Ao ingressar no curso, o aluno recebia uma carta de boas-vindas. "A Polícia do Exército lhe dá boas-vindas e com prazer o inclui em nossa família." O papel com timbre do Exército e brasão da República citava passagem do livro Guerra de Guerrilhas, de Ernesto Che Guevara, sobre a disciplina guerrilheira. Ao recém-incorporado sargento J.W.P., ele prometia soldo de R$ 4 mil após seis meses de treinamento. "O Brasil conta com você", dizia o ofício.
O tenente, segundo os alunos, oferecia maconha aos alunos. Ele levava uma bandeira do Brasil para os acampamentos e dizia conseguir as fardas no quartel do Curso Preparatório de Oficiais da Reserva (CPOR), em Santana, na zona norte de São Paulo. "Para as vítimas, ele desempenhava bem o papel", disse o delegado Arly Antonio Reginaldo, do Departamento de Investigações sobre o Crime Organizado (Deic).
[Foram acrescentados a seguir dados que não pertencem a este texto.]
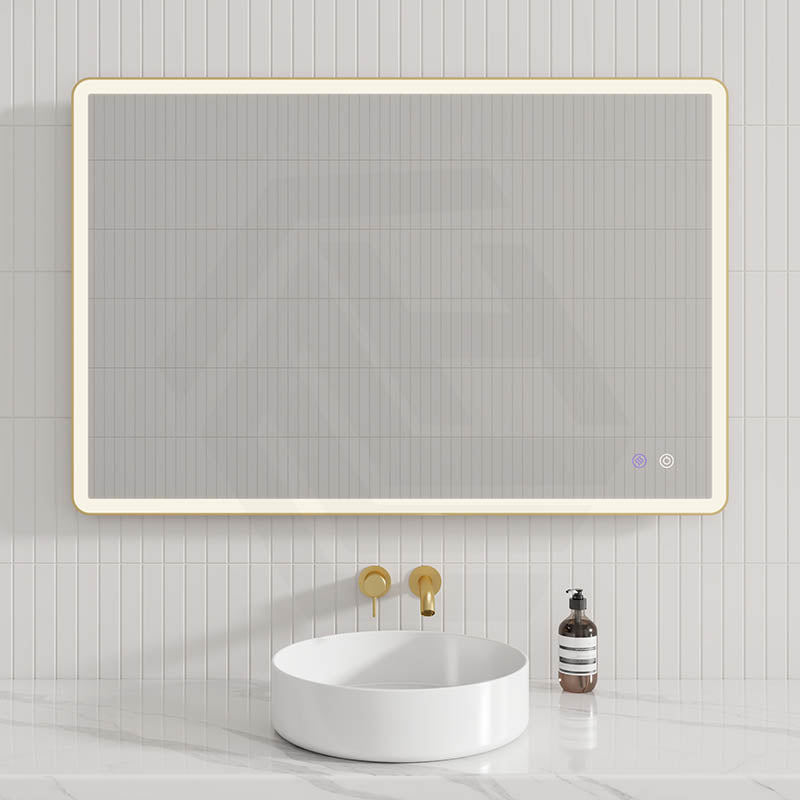 600/750/800/900/1200/1500mm Rectangle Framed LED Mirror Touch Sensor Vertical/Horizontal Variant Colour Available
Houve um aluno que tatuou no braço a frase "Deus cria a PE mata", referindo-se à Polícia do Exército. Um outro foi convencido a entregar um Peugeot 206 para pagar pelas aulas. Além de Paranapiacaba, o falso tenente usava o sítio de um aluno no interior do Estado. Ali foram dadas aulas de tiro e marcha. "A gente rastejava e ficava horas na água. Um dia, era mais de oito da noite, e a gente ainda estava ralando", afirmou G.C.S..
Jovens de 18 a 25 anos, da periferia da zona norte, eram as vítimas. Houve quem gastasse o que não tinha para fazer o curso. É o caso de J.W.P., que pegou com a mãe o dinheiro que ela ia usar na reforma da casa para pagar "o tenente Fernandes". A polícia deve apurar agora os crimes de estelionato e falsificação de documento, mas descarta que Fernandes quisesse montar uma milícia.